Meeting in Rio de Janeiro between 22-24 October, ministers responsible for the environment from 34 UN member nations in South and Central America and the Caribbean agreed a proposal which will be taken to next year’s Rio+10 Conference on Sustainable Development in Johannesburg to allow developing nations to covert their foreign debt into environmental protections. “We can’t imagine paying for the costs of sustainability when such big environmental losses were accumulated over centuries by countries that are already developed,” said President Fernando Henrique Cardoso of Brazil, the country with the greatest biodiversity in the world.

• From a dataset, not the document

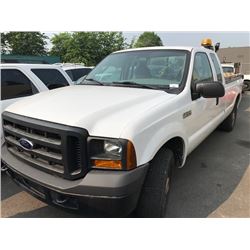2006 FORD F250, WHITE, GAS, VIN#1FTSX20596EC35519, 155,494KMS, RD,TH,4W,AC, 1 ICBC REPAIRED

The environmental protections agreed for inclusion in the proposal are revitalising hydraulic systems, the conservation and sustainable use of biodiversity, afforestation and sustainable use of forests, the promotion of ecotourism and the prevention and mitigation of environmental risks and disasters. The proposal met with praise from environmental groups from across the region while Brazil’s environment minister José Sarney Filho said “what has been decided will not merely remain verbal, but will see concrete action”.
Ministers also issued a joint call for developed nations to fulfil promises made at 1992’s global summit in Rio de Janeiro, such as investing 0.7% of their gross domestic product in sustainable development in developing nations. Until now, they agreed, the funds received have been “insufficient”. The ministers also expressed a joint fear that environmental concerns will be ignored globally in light of the war on terrorism.
In a separate development, the Brazilian environmental protection agency, Ibama, has banned all felling of mahogany indefinitely, following reports on the extent of mahogany felling in the country’s vast Amazon region by Greenpeace, which says that the most desired product of the highest quality is only to be found in intact forest.